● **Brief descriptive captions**

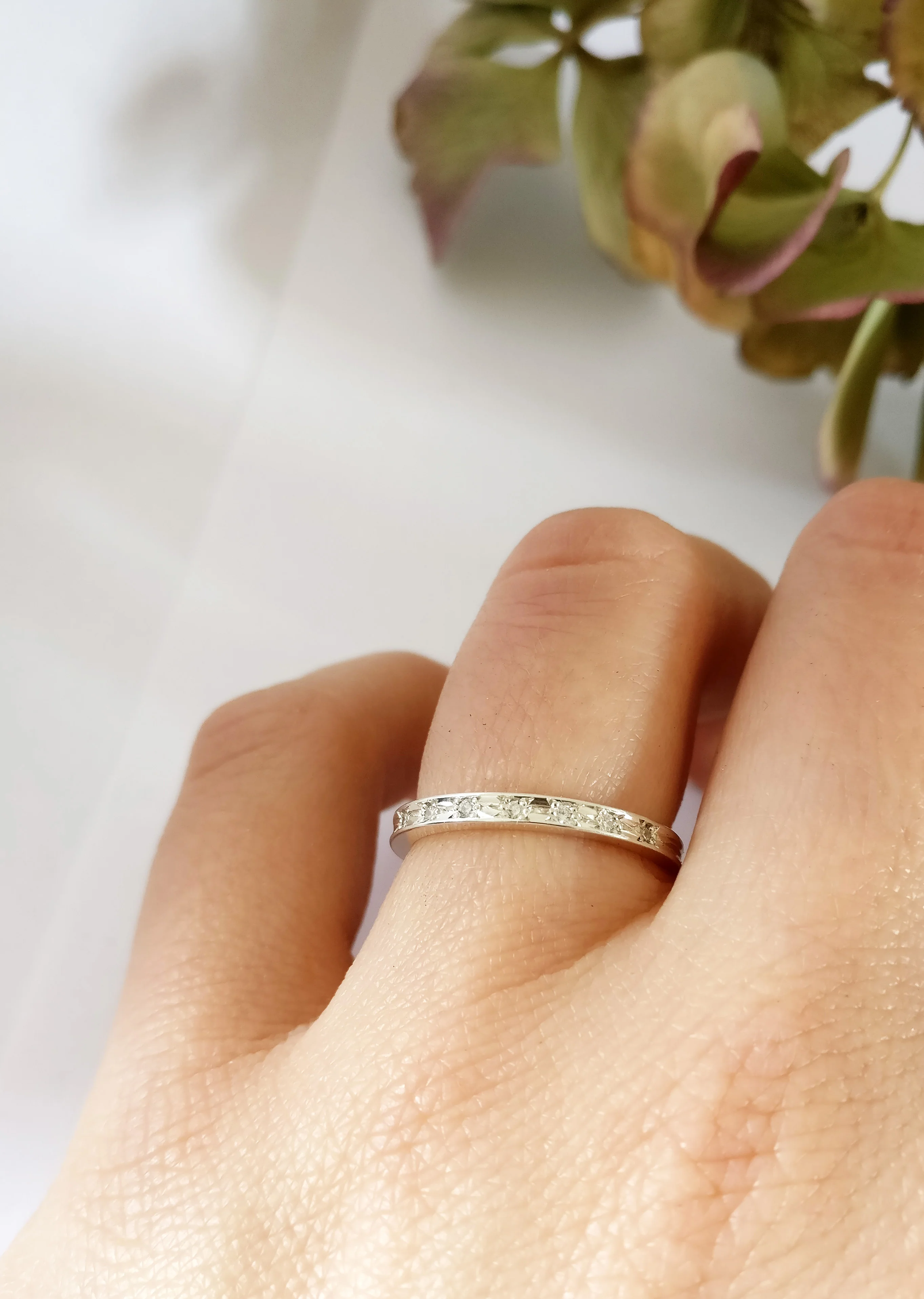 Trouwringen in 18k wit goud met diamant: Meg en Jack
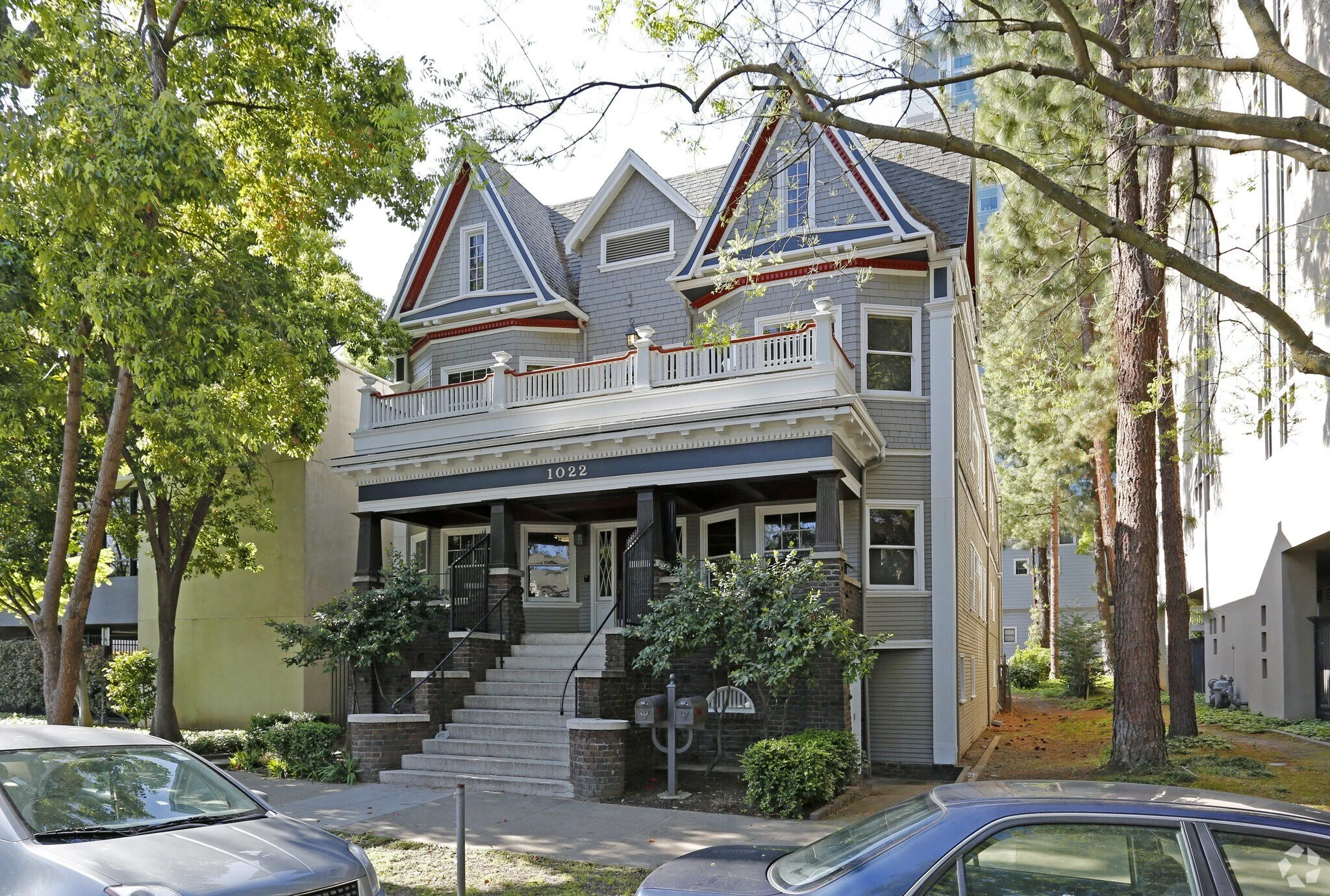 A multi-story Sacramento live/work historic building with a large porch, surrounded by trees and parked cars in the foreground.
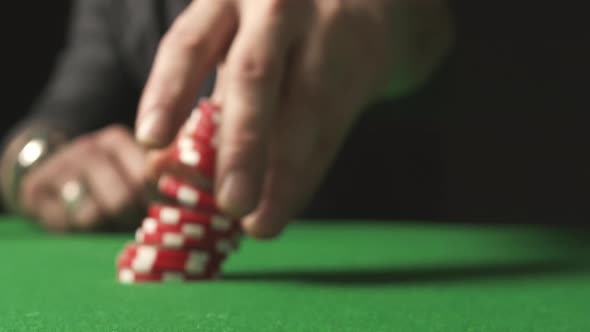 A Close-up of a Male Hand Betting with Red Chips on the Green Poker Table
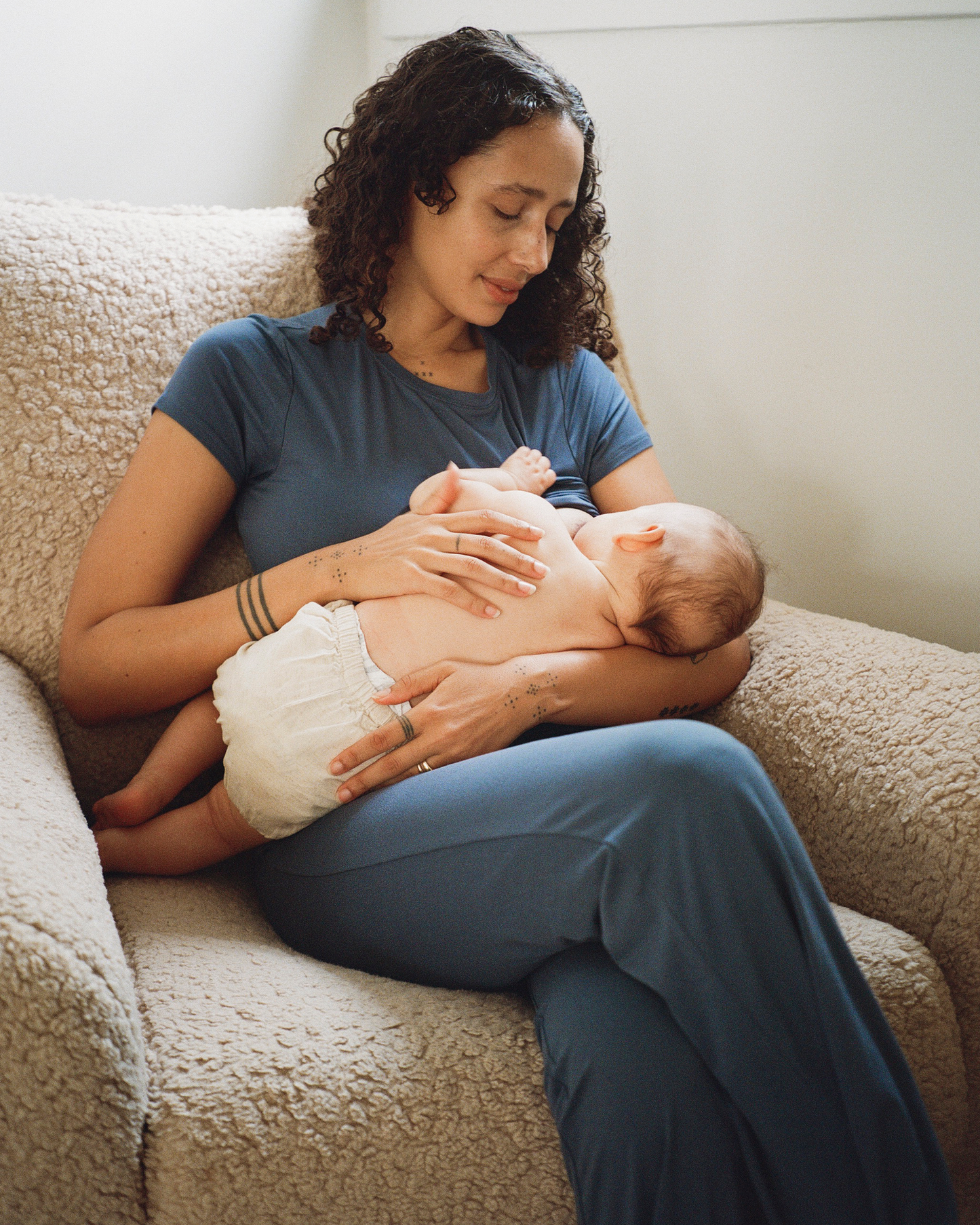 Woman breastfeeding a baby on a couch wearing the Sunday Set Lounge Set in Slate Blue@model_info:Natasha is 5'9" and wearing a Small.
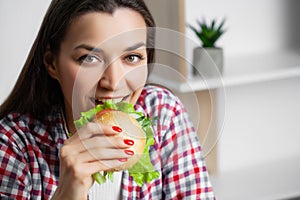 Cute woman wants to eat hamburger harmful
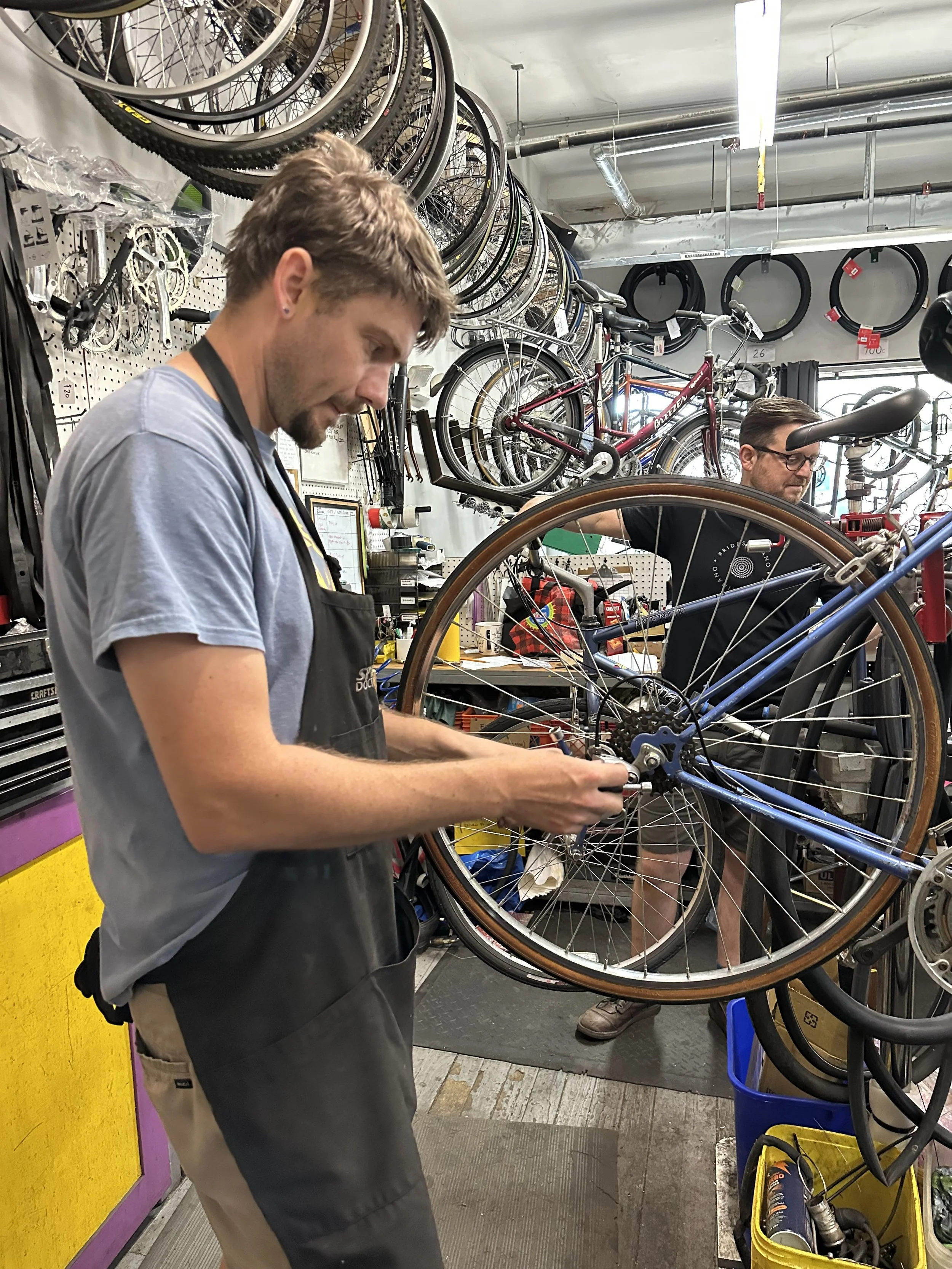 A bike mechanic in an apron tuning a rear wheel in the Neighborhood Bike Works community shop.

● **What you have to do**
Print every entry exactly as written, without the pictures.

● **Solution**
 Trouwringen in 18k wit goud met diamant: Meg en Jack
 A multi-story Sacramento live/work historic building with a large porch, surrounded by trees and parked cars in the foreground.
 A Close-up of a Male Hand Betting with Red Chips on the Green Poker Table
 Woman breastfeeding a baby on a couch wearing the Sunday Set Lounge Set in Slate Blue@model_info:Natasha is 5'9" and wearing a Small.
 Cute woman wants to eat hamburger harmful
 A bike mechanic in an apron tuning a rear wheel in the Neighborhood Bike Works community shop.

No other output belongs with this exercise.